_REQUIREMENT_
Go through the lines below and tally each one holding "Colorful". Write only the total.

_DATA FOR REVIEW_

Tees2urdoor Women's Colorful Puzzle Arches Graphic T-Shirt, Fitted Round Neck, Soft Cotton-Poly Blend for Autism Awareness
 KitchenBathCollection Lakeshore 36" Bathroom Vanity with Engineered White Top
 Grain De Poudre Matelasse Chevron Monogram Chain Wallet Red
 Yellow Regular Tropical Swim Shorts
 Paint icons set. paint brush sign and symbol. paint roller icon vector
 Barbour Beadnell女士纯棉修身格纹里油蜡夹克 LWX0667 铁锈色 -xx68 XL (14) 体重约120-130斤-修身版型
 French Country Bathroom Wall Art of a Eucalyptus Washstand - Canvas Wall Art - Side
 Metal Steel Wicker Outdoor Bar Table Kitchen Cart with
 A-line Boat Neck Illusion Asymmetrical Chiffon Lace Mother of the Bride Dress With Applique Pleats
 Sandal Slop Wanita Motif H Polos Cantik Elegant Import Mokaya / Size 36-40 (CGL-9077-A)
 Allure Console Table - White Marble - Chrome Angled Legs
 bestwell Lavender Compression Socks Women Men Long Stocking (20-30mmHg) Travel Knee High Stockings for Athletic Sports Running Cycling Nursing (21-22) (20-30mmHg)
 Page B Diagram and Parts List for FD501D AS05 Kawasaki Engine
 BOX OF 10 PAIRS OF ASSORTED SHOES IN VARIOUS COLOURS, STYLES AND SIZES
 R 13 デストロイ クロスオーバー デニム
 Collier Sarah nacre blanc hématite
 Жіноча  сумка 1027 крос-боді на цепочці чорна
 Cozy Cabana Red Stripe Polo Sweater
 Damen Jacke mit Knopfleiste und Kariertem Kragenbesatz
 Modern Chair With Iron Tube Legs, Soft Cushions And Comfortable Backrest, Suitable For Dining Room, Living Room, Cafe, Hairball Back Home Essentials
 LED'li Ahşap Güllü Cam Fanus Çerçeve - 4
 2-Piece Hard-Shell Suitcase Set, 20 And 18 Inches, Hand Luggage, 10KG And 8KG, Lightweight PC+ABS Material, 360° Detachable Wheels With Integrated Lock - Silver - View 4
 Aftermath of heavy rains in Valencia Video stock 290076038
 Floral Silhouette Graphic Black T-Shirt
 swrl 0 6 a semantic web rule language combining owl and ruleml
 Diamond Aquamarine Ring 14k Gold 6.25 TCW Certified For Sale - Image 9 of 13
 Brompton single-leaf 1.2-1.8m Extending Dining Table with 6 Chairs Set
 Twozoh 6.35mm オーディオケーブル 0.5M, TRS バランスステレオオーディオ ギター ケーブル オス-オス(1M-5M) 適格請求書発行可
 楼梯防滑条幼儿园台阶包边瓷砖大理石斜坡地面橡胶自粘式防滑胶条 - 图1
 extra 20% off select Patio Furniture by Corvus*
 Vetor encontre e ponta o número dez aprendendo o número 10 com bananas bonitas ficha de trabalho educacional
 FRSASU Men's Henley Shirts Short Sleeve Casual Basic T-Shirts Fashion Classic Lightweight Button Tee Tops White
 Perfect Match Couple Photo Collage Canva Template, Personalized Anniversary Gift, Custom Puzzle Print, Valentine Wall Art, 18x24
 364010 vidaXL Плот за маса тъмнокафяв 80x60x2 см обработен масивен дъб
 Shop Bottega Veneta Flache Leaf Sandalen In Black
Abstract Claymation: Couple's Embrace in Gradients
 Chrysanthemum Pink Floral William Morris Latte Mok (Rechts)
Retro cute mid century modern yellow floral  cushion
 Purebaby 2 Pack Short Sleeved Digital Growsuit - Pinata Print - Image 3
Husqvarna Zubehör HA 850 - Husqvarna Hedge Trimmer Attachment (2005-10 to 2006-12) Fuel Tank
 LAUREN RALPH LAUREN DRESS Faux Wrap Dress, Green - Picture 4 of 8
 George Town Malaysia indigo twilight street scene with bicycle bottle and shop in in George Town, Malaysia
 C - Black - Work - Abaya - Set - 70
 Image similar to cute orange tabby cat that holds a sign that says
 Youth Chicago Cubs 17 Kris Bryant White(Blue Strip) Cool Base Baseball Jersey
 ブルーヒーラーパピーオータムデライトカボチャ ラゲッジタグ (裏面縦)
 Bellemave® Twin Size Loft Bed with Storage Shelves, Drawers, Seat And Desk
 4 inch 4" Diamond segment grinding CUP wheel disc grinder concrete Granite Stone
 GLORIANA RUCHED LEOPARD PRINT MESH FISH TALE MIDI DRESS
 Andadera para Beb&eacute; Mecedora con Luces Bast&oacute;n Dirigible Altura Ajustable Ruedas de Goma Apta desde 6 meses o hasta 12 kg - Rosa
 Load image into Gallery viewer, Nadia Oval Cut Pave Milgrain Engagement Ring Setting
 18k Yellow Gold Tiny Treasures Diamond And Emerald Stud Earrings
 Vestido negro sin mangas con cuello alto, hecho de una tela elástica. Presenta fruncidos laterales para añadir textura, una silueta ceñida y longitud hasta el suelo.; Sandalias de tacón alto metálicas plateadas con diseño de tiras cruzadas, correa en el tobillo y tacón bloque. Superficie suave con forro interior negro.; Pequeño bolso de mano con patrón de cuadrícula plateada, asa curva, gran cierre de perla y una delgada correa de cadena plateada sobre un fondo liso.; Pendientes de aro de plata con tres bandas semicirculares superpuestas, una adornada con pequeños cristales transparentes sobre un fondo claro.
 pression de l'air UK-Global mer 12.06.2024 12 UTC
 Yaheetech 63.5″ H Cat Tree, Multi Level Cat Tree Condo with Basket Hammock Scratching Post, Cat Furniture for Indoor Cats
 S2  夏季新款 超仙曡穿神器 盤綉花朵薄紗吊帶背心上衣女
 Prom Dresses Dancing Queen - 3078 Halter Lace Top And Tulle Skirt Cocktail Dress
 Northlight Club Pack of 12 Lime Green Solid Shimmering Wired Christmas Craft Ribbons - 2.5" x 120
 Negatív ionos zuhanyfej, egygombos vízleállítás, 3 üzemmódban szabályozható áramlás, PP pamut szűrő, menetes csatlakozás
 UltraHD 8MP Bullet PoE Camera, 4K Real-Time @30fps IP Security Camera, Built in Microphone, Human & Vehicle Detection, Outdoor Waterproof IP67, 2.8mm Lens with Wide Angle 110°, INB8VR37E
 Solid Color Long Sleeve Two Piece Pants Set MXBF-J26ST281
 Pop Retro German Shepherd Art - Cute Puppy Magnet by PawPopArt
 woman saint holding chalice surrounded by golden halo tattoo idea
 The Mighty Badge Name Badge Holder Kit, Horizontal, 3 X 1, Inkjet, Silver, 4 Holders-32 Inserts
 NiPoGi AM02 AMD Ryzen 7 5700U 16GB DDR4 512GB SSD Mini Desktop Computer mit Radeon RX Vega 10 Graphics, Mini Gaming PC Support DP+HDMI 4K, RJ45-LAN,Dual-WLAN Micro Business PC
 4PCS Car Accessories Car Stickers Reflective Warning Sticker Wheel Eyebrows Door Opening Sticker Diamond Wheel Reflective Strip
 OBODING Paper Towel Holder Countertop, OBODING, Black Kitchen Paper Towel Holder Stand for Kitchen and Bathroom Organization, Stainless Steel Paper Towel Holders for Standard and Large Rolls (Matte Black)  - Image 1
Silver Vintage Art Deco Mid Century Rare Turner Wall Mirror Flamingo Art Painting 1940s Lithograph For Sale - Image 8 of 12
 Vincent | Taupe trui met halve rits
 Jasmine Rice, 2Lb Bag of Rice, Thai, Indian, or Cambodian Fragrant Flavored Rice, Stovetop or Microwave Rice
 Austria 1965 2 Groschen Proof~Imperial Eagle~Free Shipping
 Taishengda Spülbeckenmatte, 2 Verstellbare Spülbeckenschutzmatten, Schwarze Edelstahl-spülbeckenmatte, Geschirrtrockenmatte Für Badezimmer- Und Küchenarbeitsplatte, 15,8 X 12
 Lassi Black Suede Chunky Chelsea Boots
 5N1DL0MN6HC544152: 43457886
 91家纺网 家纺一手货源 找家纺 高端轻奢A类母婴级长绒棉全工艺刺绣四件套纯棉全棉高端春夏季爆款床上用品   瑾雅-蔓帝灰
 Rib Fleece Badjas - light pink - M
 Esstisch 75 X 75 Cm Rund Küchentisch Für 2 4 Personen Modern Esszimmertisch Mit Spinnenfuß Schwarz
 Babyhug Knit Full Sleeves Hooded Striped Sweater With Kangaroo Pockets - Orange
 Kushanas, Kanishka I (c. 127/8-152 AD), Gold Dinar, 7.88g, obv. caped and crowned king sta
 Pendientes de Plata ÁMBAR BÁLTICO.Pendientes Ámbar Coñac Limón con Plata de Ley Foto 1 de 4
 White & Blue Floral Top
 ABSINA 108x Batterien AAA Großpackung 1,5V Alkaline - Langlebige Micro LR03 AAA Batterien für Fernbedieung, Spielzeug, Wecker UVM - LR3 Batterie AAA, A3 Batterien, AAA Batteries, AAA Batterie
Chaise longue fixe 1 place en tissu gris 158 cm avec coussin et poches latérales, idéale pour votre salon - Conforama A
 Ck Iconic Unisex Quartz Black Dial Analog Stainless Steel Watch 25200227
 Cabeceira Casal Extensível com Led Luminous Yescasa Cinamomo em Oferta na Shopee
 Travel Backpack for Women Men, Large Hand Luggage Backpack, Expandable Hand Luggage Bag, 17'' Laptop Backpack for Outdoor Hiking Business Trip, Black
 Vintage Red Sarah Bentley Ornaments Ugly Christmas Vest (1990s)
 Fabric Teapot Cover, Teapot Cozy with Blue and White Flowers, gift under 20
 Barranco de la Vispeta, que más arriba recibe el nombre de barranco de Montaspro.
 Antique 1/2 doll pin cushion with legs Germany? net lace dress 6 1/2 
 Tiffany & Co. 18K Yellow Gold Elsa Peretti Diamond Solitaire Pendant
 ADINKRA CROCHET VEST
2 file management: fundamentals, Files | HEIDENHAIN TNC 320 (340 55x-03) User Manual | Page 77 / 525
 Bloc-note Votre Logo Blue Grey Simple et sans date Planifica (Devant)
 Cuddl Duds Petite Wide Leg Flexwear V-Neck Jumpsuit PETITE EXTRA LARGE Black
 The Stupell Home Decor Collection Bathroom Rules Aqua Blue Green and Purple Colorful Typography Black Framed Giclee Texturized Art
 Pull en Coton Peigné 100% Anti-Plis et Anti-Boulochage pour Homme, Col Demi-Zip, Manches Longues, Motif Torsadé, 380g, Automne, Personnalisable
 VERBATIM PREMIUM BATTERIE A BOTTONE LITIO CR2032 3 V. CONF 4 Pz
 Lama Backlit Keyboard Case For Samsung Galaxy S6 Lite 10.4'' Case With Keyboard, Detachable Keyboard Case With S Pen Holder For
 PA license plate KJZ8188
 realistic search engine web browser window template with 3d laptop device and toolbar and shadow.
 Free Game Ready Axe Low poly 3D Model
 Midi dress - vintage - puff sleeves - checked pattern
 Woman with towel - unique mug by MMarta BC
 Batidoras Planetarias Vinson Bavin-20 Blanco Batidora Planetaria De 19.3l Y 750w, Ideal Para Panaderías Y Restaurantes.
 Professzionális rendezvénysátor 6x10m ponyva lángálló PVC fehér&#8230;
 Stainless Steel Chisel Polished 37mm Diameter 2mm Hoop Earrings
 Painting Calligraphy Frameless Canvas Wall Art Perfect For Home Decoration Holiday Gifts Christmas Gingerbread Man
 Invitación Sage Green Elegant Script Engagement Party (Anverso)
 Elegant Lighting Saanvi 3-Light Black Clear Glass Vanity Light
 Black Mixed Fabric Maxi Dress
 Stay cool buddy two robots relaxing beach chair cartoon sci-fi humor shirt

_ANSWER FOR THIS EXERCISE_
2